*** Begin section ***

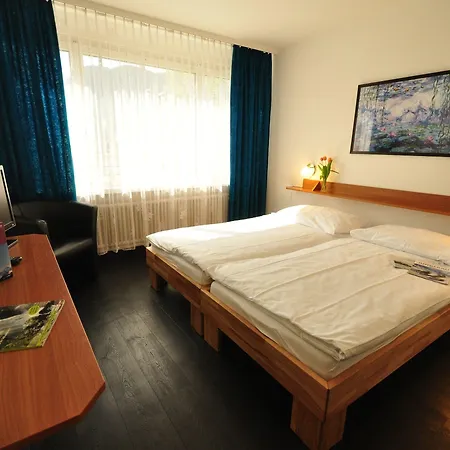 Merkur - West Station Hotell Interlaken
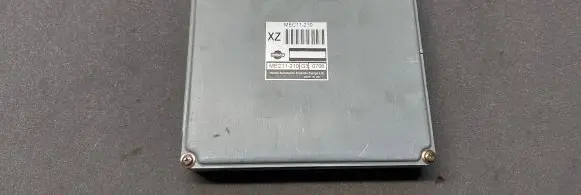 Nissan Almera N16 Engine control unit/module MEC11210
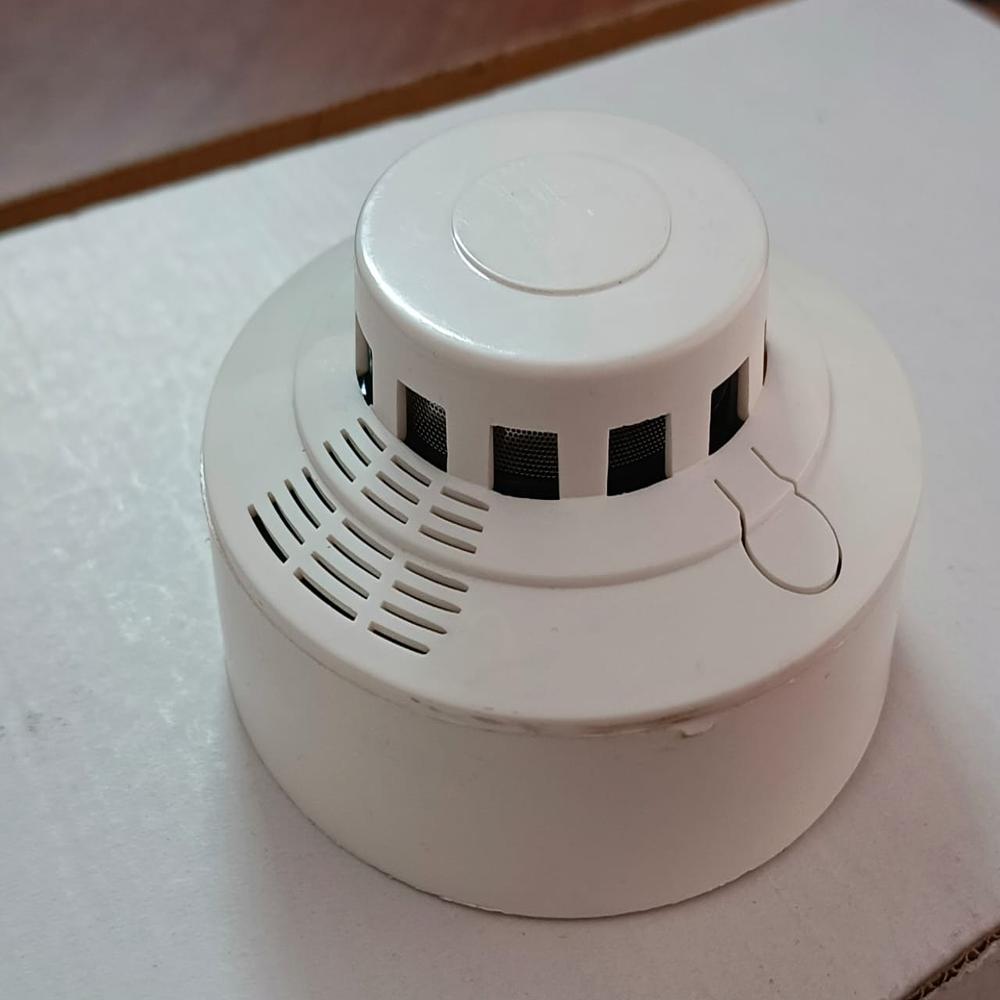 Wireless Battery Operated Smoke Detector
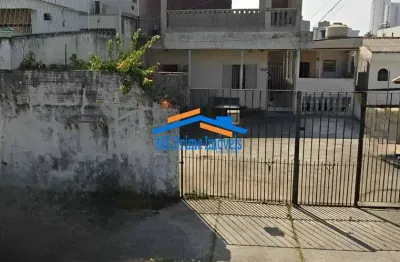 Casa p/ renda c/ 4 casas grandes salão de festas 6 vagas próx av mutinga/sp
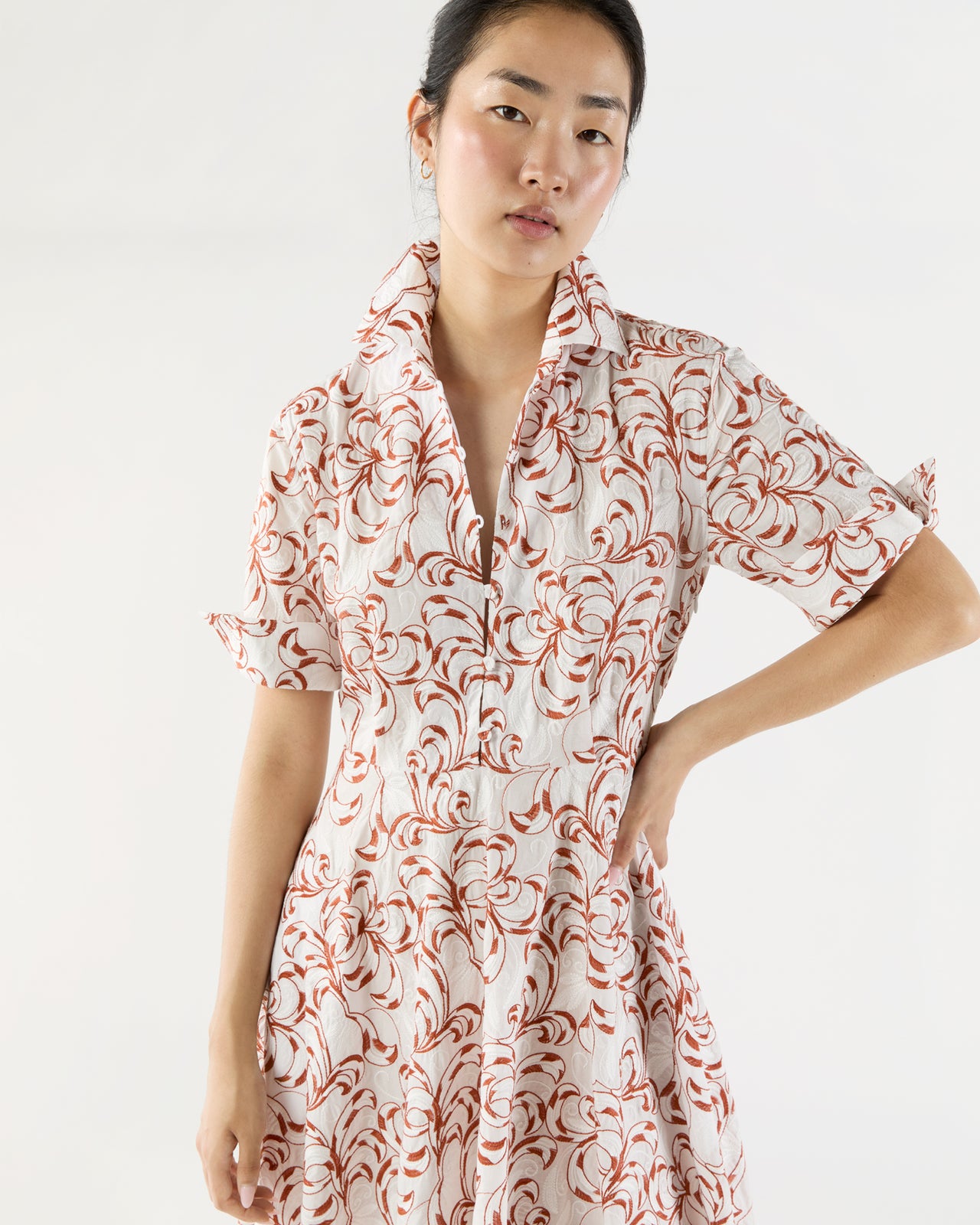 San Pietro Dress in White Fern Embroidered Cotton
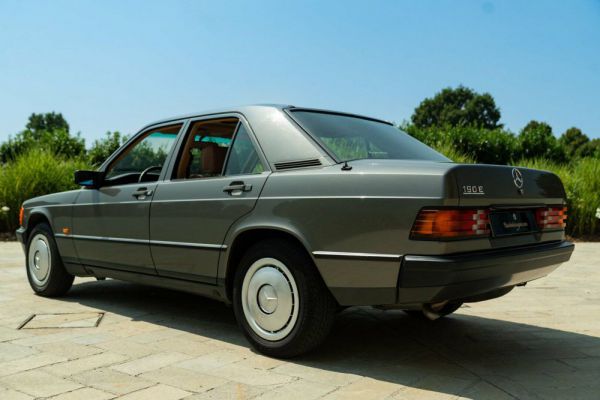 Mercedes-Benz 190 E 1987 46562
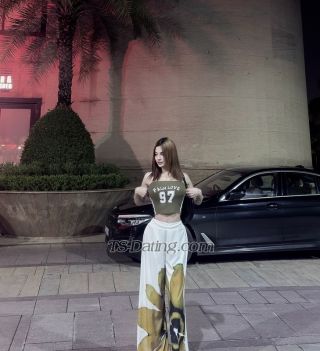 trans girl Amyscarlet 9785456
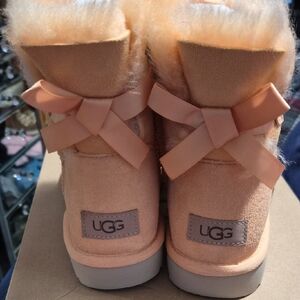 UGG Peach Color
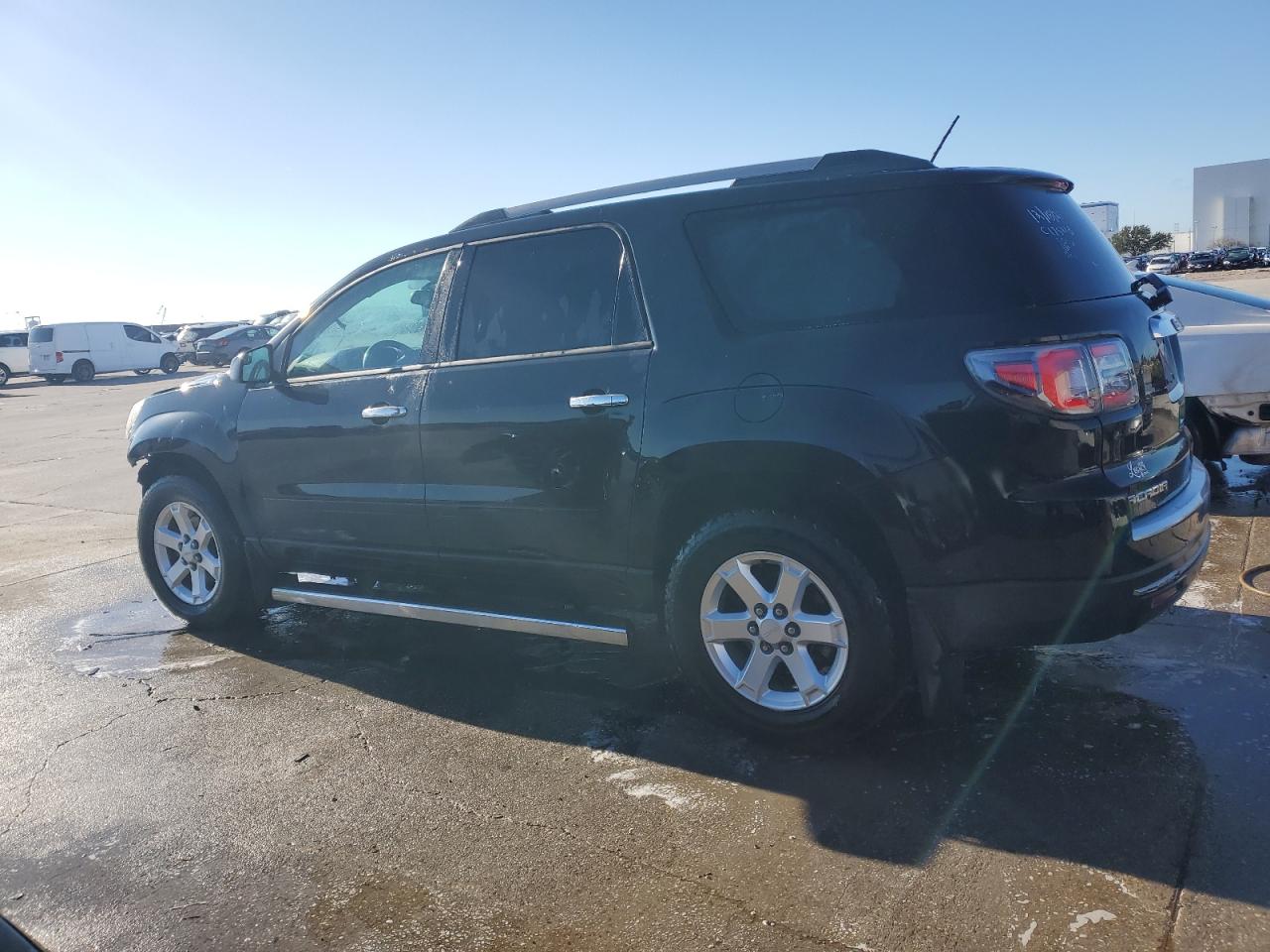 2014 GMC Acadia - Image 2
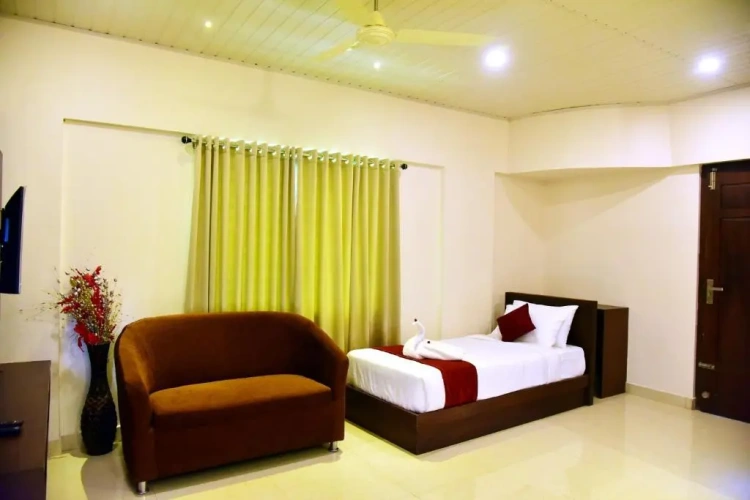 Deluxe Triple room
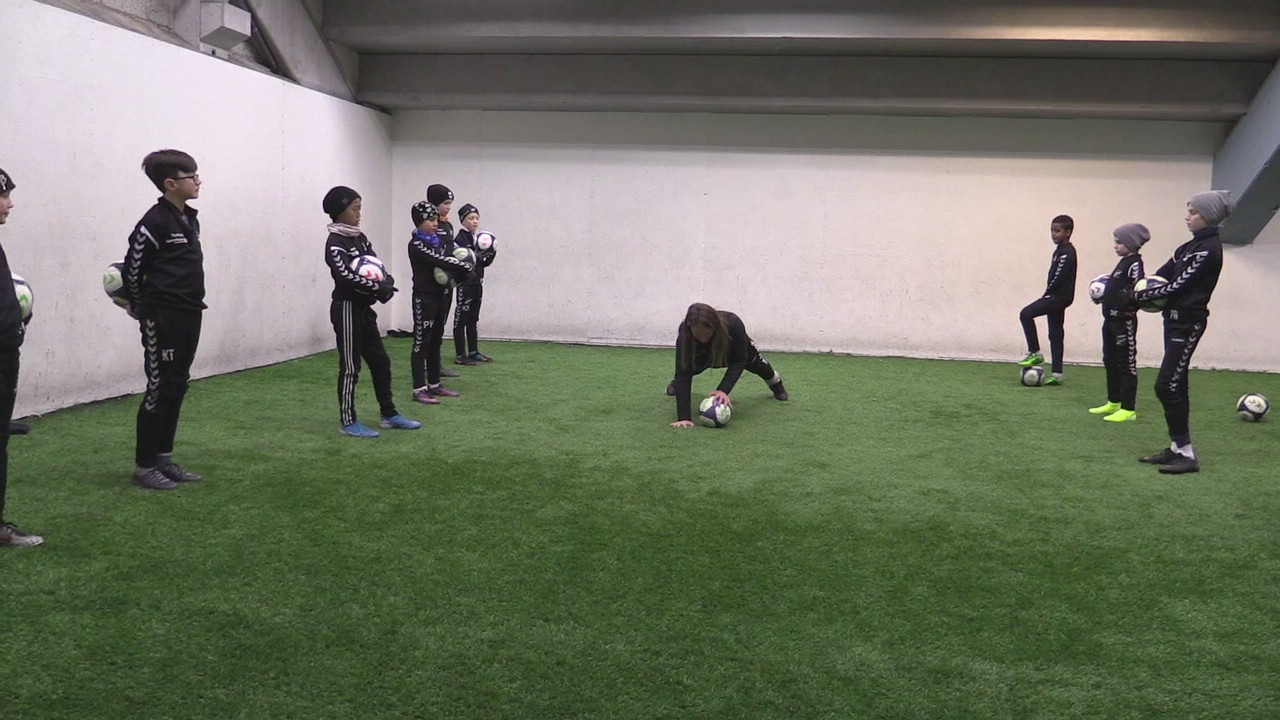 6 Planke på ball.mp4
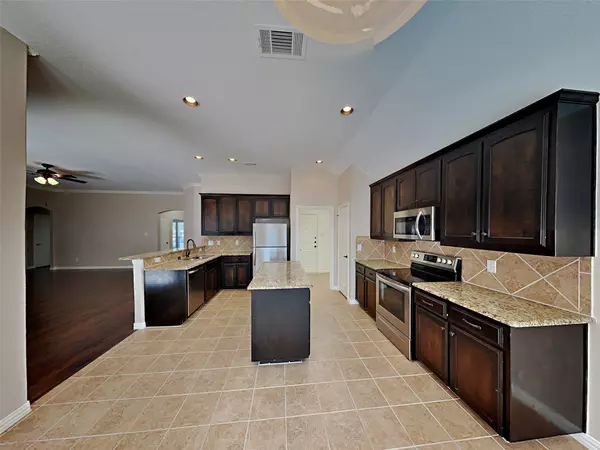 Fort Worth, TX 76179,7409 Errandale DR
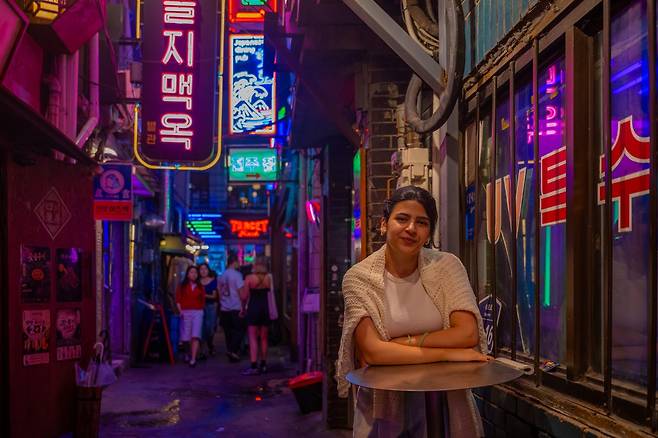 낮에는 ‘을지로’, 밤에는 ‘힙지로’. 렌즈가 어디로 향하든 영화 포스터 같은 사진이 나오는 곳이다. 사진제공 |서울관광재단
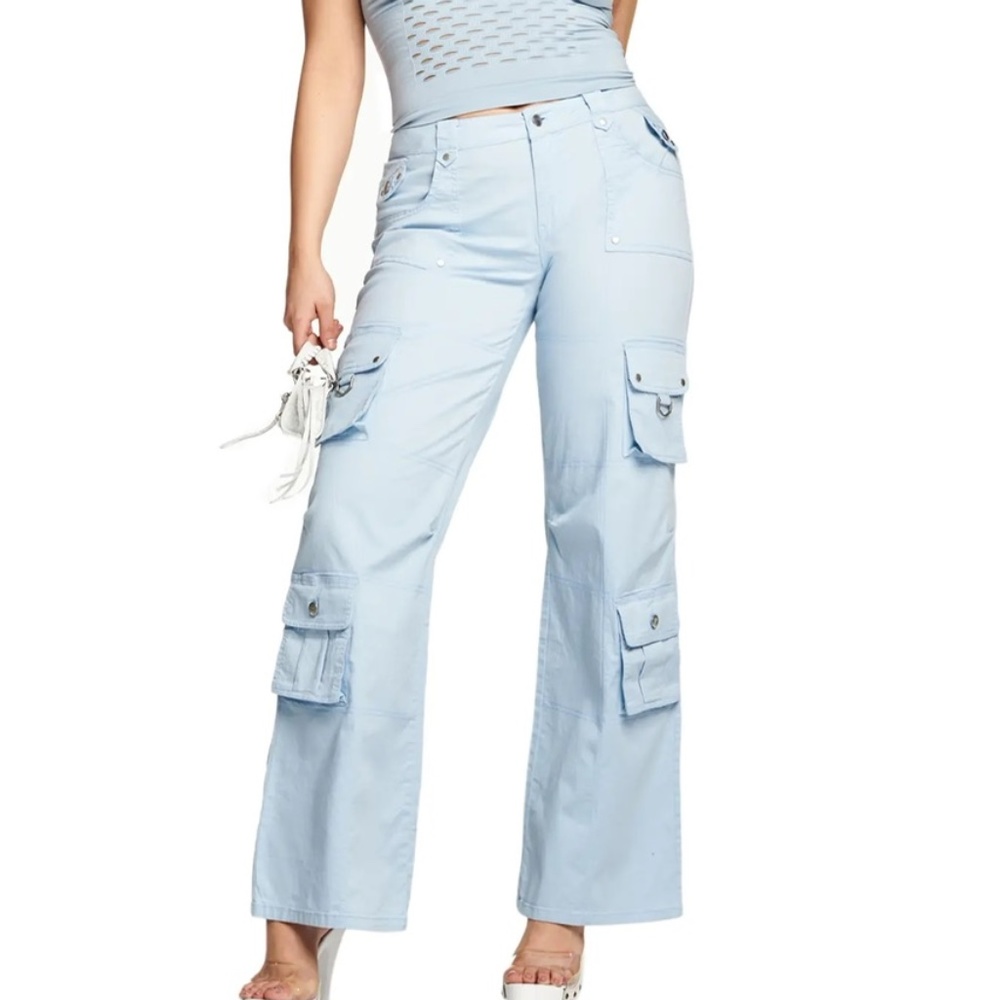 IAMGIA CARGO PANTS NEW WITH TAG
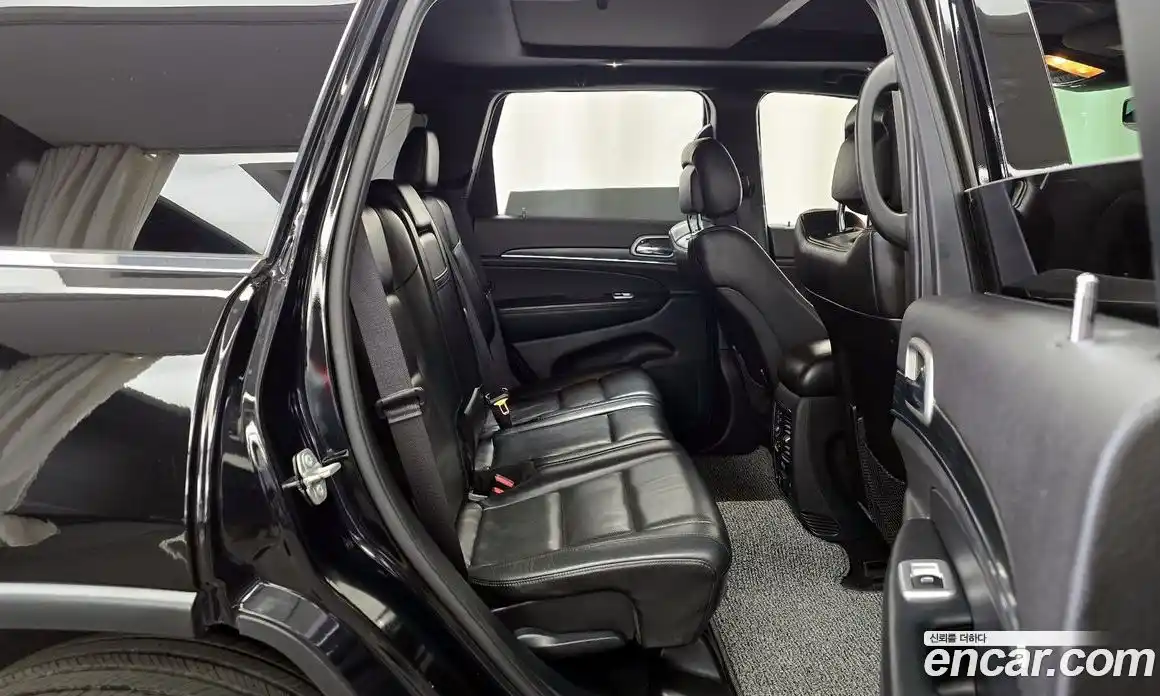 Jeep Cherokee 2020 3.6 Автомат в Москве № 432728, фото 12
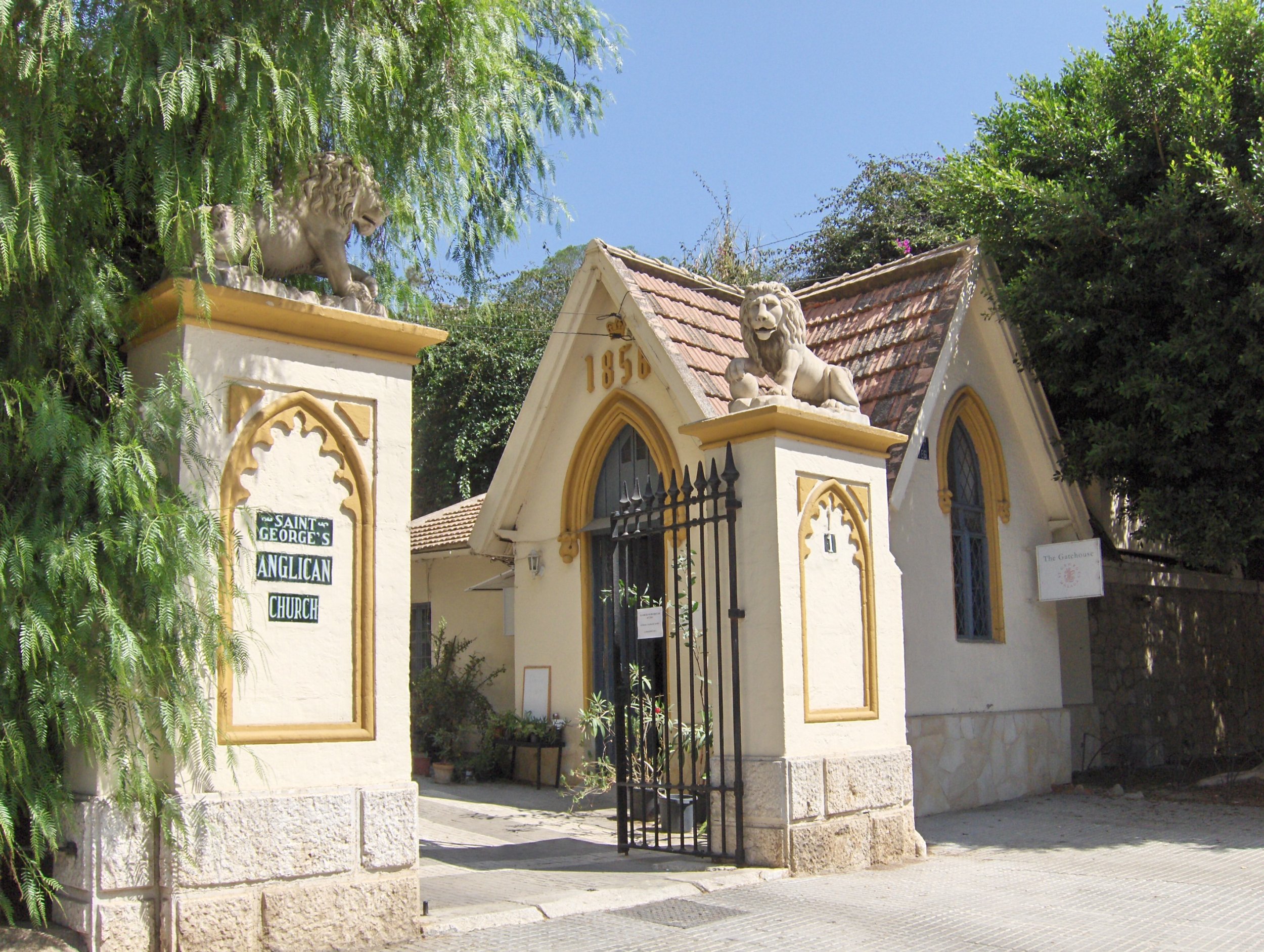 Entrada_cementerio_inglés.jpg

*** End section ***

### TASK ITEM
Reproduce the records above exactly, but only from the line containing "Jeep Cherokee 2020" through the last line, both included, and without any pictures.

### RESPONSE TO THE TASK
 Jeep Cherokee 2020 3.6 Автомат в Москве № 432728, фото 12
 Entrada_cementerio_inglés.jpg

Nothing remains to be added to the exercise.